The result should be a word-for-word retyping of the entries below, free of pictures.

#####

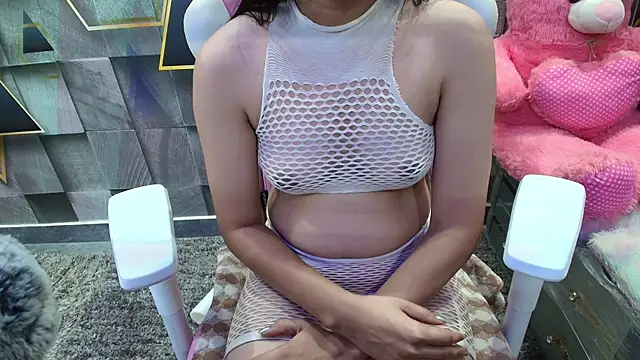 Snapshot of YourKusu chatting on 9, 10, 2025 YourKusu online show from 9, 10, 2025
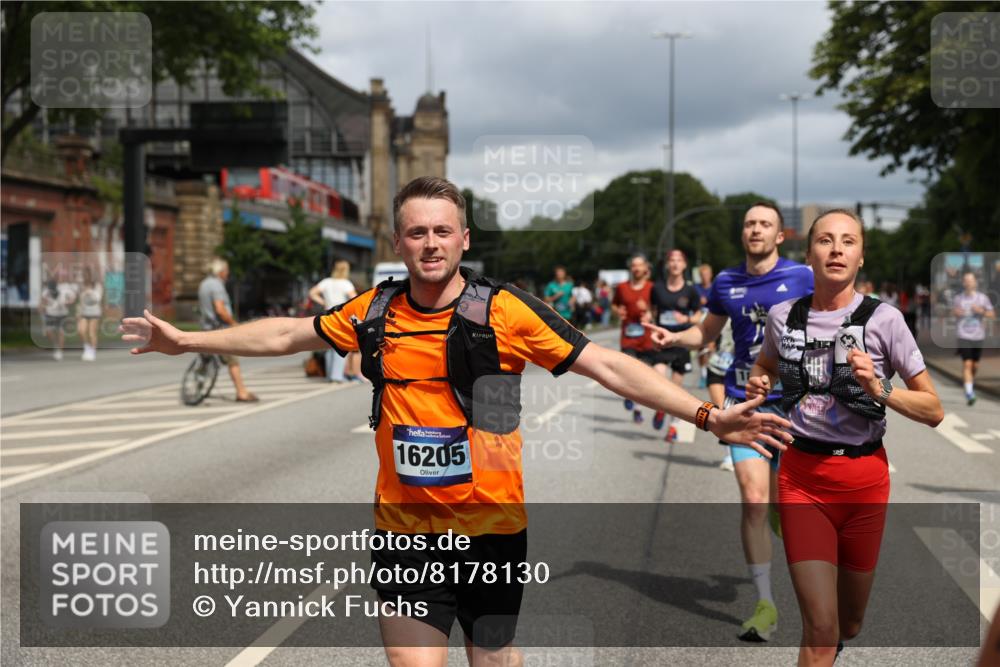 29.06.2025 - hella hamburg halbmarathon Yannick Fuchs http://msf.ph/oto/8178130 29.06.2025 10:42:25 20KM 1086, 1320, 1914, 2213, 2340, 2442, 2708, 3747, 4324, 4601, 5024, 5362, 5528, 5915, 6081, 6377, 6836, 7367, 8216, 8916, 8927, 9262, 9482, 9538, 9638, 11211, 11961, 12549, 12747, 13007, 13570, 13614, 13948, 14383, 14797, 14814, 15309, 15573, 15590, 15629, 15735, 15808, 16094, 16149, 16205, 16269, 16414, 16766, 18206, 18476, 18790, 18836, 18923, 18963, 19198 meine-sportfotos.de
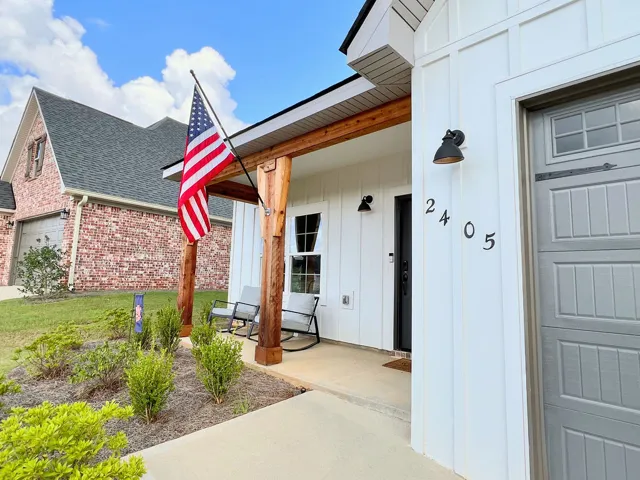 2405 Furlong Trail, Auburn, Alabama 36830
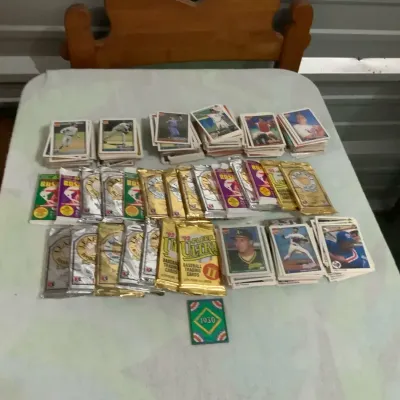 Large Vintage Baseball Card Lot w/ Sealed 1991–1992 Fleer, Ultra & Loose Cards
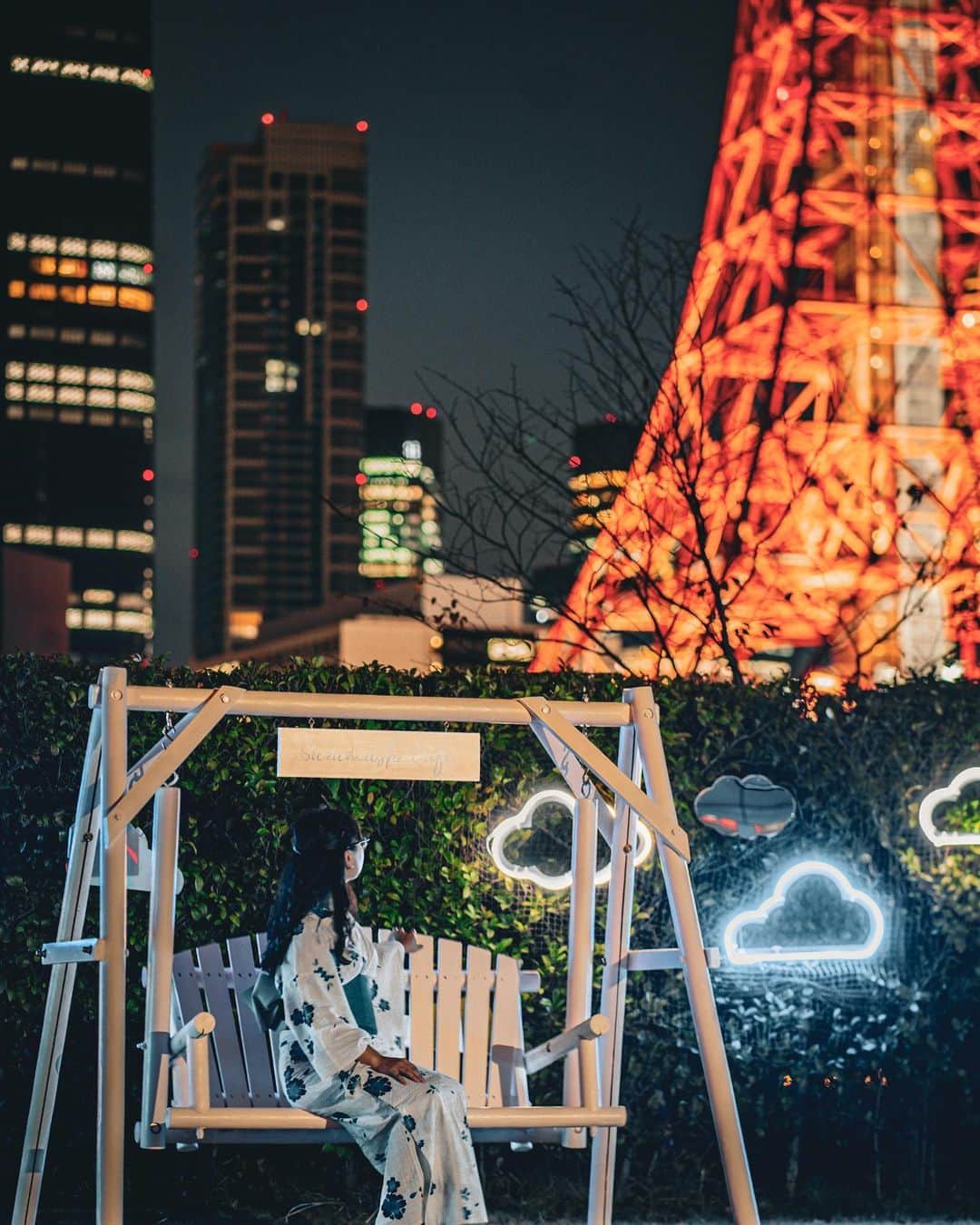 ザ・プリンス パークタワー東京さんのインスタグラム写真 - (ザ・プリンス パークタワー東京Instagram)「多くのご予約をいただいております#SUZUMUSHICAFE  今年のテーマ「Sorairo」を感じる空間やメニューとともに、東京タワーの絶景を楽しむ夏の夕涼みをぜひお楽しみください。  大人気の縁側席確約のステイプランも販売中です。  詳しくはWebサイトへ  Thank you for all your Suzumushi Café reservations this summer season! ✨  There's still plenty of time to come and experience an enchanting summer evening at our Suzumushi Café, where you can savour our delectable seasonal menu and be dazzled by this year's vibrant "Sorairo" theme – a celebration of the mesmerising colours of the evening summer sky!  We also offer a limited-time accommodation plan that guarantees prime seats out on the wooden porch overlooking the serene, lamp-lit garden 🍃  For more information, please visit our website.  Share your own images with us by tagging @princeparktowertokyo —————————————————————  #theprinceparktowertokyo #tokyotowerview #yukata #japan #ThePreferredLife #ザプリンスパークタワー東京 #スズムシカフェ #夕涼み #夏デート #デートスポット #夏の風物詩 #フォトスポット」8月8日 19時17分 - princeparktowertokyo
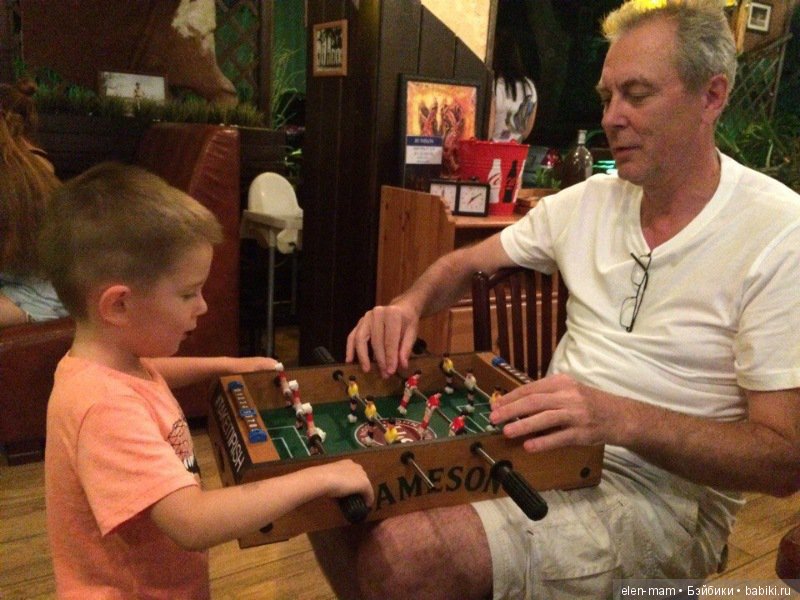 Игра в настольный футбол, с дедушкой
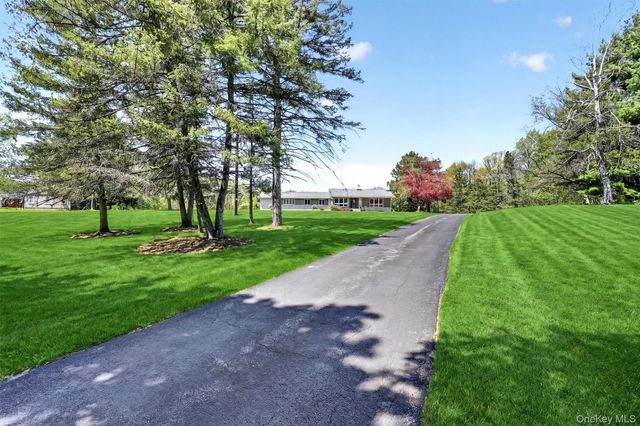 14 Ball Road, Warwick, NY 10990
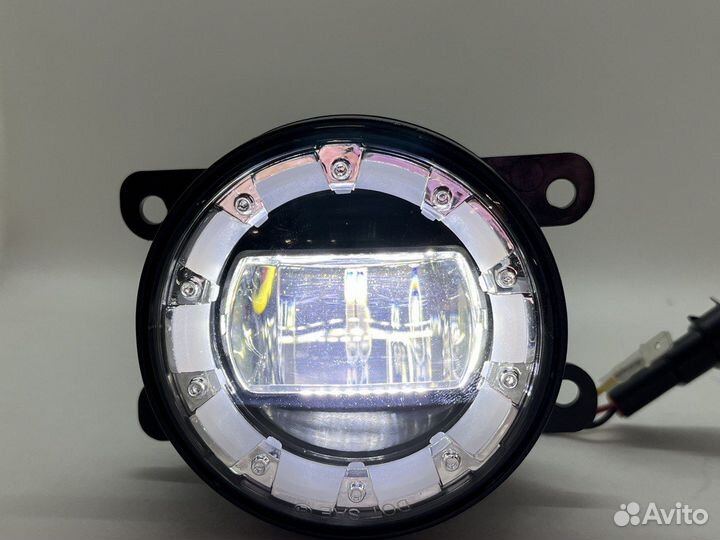 Противотуманные фары Ford Focus 2 рестайлинг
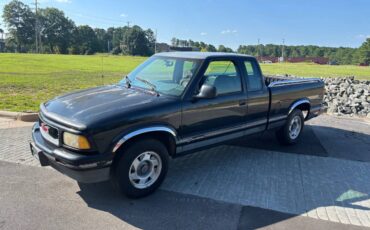Gmc-sonoma-extended-cab-1995-black-1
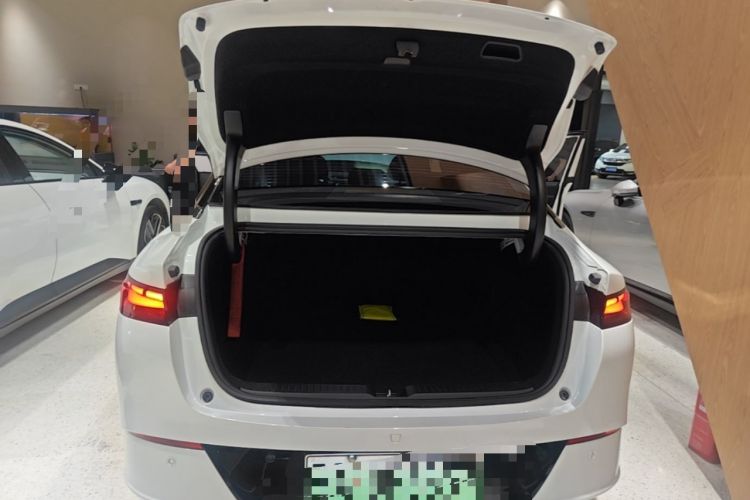 Used XPeng P5 2024 500 Plus Edition Trunk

#####

_Written solution_.
 Snapshot of YourKusu chatting on 9, 10, 2025 YourKusu online show from 9, 10, 2025
 29.06.2025 - hella hamburg halbmarathon Yannick Fuchs http://msf.ph/oto/8178130 29.06.2025 10:42:25 20KM 1086, 1320, 1914, 2213, 2340, 2442, 2708, 3747, 4324, 4601, 5024, 5362, 5528, 5915, 6081, 6377, 6836, 7367, 8216, 8916, 8927, 9262, 9482, 9538, 9638, 11211, 11961, 12549, 12747, 13007, 13570, 13614, 13948, 14383, 14797, 14814, 15309, 15573, 15590, 15629, 15735, 15808, 16094, 16149, 16205, 16269, 16414, 16766, 18206, 18476, 18790, 18836, 18923, 18963, 19198 meine-sportfotos.de
 2405 Furlong Trail, Auburn, Alabama 36830
 Large Vintage Baseball Card Lot w/ Sealed 1991–1992 Fleer, Ultra & Loose Cards
 ザ・プリンス パークタワー東京さんのインスタグラム写真 - (ザ・プリンス パークタワー東京Instagram)「多くのご予約をいただいております#SUZUMUSHICAFE  今年のテーマ「Sorairo」を感じる空間やメニューとともに、東京タワーの絶景を楽しむ夏の夕涼みをぜひお楽しみください。  大人気の縁側席確約のステイプランも販売中です。  詳しくはWebサイトへ  Thank you for all your Suzumushi Café reservations this summer season! ✨  There's still plenty of time to come and experience an enchanting summer evening at our Suzumushi Café, where you can savour our delectable seasonal menu and be dazzled by this year's vibrant "Sorairo" theme – a celebration of the mesmerising colours of the evening summer sky!  We also offer a limited-time accommodation plan that guarantees prime seats out on the wooden porch overlooking the serene, lamp-lit garden 🍃  For more information, please visit our website.  Share your own images with us by tagging @princeparktowertokyo —————————————————————  #theprinceparktowertokyo #tokyotowerview #yukata #japan #ThePreferredLife #ザプリンスパークタワー東京 #スズムシカフェ #夕涼み #夏デート #デートスポット #夏の風物詩 #フォトスポット」8月8日 19時17分 - princeparktowertokyo
 Игра в настольный футбол, с дедушкой
 14 Ball Road, Warwick, NY 10990
 Противотуманные фары Ford Focus 2 рестайлинг
Gmc-sonoma-extended-cab-1995-black-1
 Used XPeng P5 2024 500 Plus Edition Trunk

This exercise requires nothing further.